To Plant or Not... Around the Mailbox
Posted: March 28, 2012
You just received the latest garden catalog in the mail. You begin to thumb through it when a mailbox planting design catches your interest. “Wow,” you think, “the mailbox could sure use some sprucing up. This just might be the ticket. And look, all the plants come together in a nice little kit. I don’t even have to think about it. Just prepare the soil around the mailbox, plant the seeds and voilá- easy mailbox facelift!”
Before you put ink to checkbook, or pick up the phone to order the mailbox garden kit, please consider the one person who may be most affected by your plant choice- the mail carrier. Although most folks can appreciate a beautiful garden design, mail carriers included, there is one very important thing to keep in mind when planting around mailboxes- insects, especially the stinging kind.
So with your postman or postwoman in mind, carefully research the types of plants included in that mailbox flower garden kit. Are there flowering plants that might attract bees and other stinging insects? Even if you do not have problems with the insects when retrieving your mail on foot, an approaching postal vehicle may provide just enough vibration to agitate these little critters into stinging mode, especially on hot summer days.
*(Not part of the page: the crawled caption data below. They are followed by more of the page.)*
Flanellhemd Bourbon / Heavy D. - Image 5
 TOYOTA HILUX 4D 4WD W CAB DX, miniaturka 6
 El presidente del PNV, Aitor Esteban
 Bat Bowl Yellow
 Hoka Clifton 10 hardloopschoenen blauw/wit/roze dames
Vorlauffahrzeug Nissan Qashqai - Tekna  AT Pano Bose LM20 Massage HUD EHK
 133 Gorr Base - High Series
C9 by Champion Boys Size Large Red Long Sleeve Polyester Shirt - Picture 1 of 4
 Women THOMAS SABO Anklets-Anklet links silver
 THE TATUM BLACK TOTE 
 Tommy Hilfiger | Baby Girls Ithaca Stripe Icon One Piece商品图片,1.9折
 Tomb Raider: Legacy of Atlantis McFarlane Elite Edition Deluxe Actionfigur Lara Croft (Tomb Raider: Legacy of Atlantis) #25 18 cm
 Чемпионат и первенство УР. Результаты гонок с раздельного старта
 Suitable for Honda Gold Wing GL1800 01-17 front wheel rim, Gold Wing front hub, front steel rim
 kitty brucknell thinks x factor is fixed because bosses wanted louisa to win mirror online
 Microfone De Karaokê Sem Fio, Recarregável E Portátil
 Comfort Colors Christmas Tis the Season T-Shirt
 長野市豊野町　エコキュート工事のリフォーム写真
Keep in mind, too, that non-flowering vines and plants that entwine or envelop the mailbox can hide biting and piercing insects like spiders and mites.
There can be a number of ways to beautify the area around the mailbox without posing a possible hazard for your mail carrier, but if you really must plant near the mailbox, stick with low-growing ornamental grasses and foliage plants, and place them in the area behind the mailbox.
The USPS regulations concerning mailboxes require specific size, height, and road set- back, and although there seems to be no reference specific to planting around mailboxes, it can certainly be inferred from the ‘unobstructed approach and safe access for mail delivery’ phrase that any hazards, including any plantings that prevent safe delivery of your mail, would be included. In addition to the USPS regulations, local ordinances and association requirements may address plantings, as well as the placement of walls, fencing, and other structures near mailboxes.
Although it is expected that certain hazards come with the job of mail carrier, like the occasional aggressive dog, and that ‘neither snow, nor rain, nor heat, nor gloom of night’ thing, when it comes to stinging insects, NOT planting flowers around the mailbox is one small way you can prevent possible injury to your carrier.
By now you may be picking up on the irony of a gardener who is suggesting you NOT plant flowers. Would it help if I mentioned that at one time I delivered mail?